Pelos acordos estabelecidos, a COCaldas deveria receber repasses mensais de R$ 25 mil por meio do Termo de Fomento nº 90/2024, enquanto a Recicla Caldas Novas teria direito a R$ 20 mil mensais conforme o Termo nº 91/2024. No entanto, conforme apurado pelo Ministério Público, a COCaldas recebeu apenas uma parcela, paga em julho de 2025, e a Recicla Caldas Novas teve somente três pagamentos efetuados.
Segundo o MPGO, a justificativa apresentada pela Secretaria Municipal de Meio Ambiente e Recursos Hídricos de Caldas Novas, que alegou dificuldades financeiras, não é suficiente para justificar o não cumprimento das obrigações firmadas. A promotora destacou que compromissos contratuais assumidos pela administração pública não podem ser ignorados sob argumento genérico de falta de recursos, especialmente quando se trata de um serviço ambiental essencial e contínuo.
O Ministério Público também ressaltou que a interrupção da coleta seletiva gera impactos ambientais e sociais relevantes, pois materiais recicláveis acabam sendo descartados em aterros e os trabalhadores das cooperativas deixam de receber recursos que garantem sua subsistência.
A recomendação lembra ainda que a legislação federal sobre resíduos sólidos — como a Lei nº 12.305/2010 (Política Nacional de Resíduos Sólidos) — atribui aos municípios a responsabilidade pela organização e manutenção dos serviços de limpeza urbana e gestão de resíduos.

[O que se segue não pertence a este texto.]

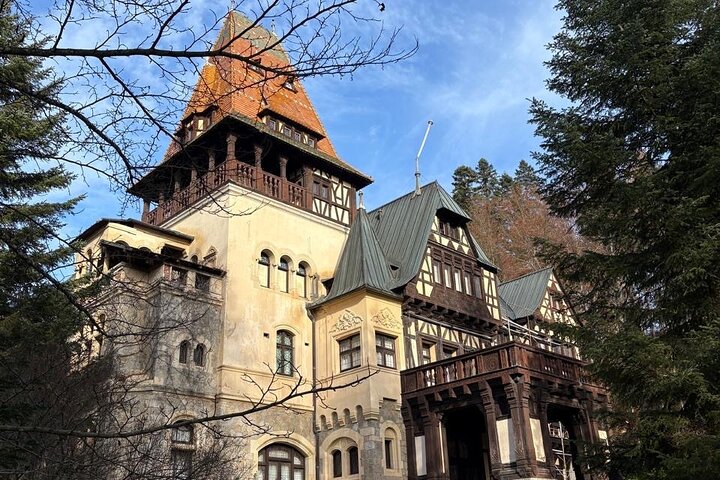 From Brașov Bran Castle, Peleș, Cantacuzino and Sinaia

De acordo com a promotoria, o enfraquecimento das parcerias já provocou reflexos diretos. A COCaldas procurou o Ministério Público em outubro de 2025 relatando a paralisação da coleta seletiva e a deterioração de dois caminhões utilizados no serviço. Já a Recicla Caldas Novas informou que precisou suspender suas atividades a partir de 23 de março deste ano após a saída de cooperados.
O documento também aponta que representantes da administração municipal teriam comunicado informalmente às lideranças das cooperativas que a renovação das parcerias dependeria do “zeramento” das dívidas acumuladas pelo Fundo Municipal — condicionante considerada irregular pelo Ministério Público.
Diante desse cenário, o MPGO recomendou que o município:
- quite imediatamente todos os repasses em atraso previstos nos termos de fomento;
- não condicione a renovação das parcerias à renúncia dos valores devidos;
- garanta o funcionamento adequado da frota de caminhões utilizada na coleta seletiva;
- assegure o envio contínuo de materiais recicláveis às cooperativas para triagem e comercialização.
O prefeito e o secretário municipal têm prazo de cinco dias para informar oficialmente à promotoria se irão cumprir ou não as medidas recomendadas. Caso a orientação não seja acatada, o Ministério Público poderá adotar medidas judiciais para resguardar o meio ambiente e a correta aplicação dos recursos públicos.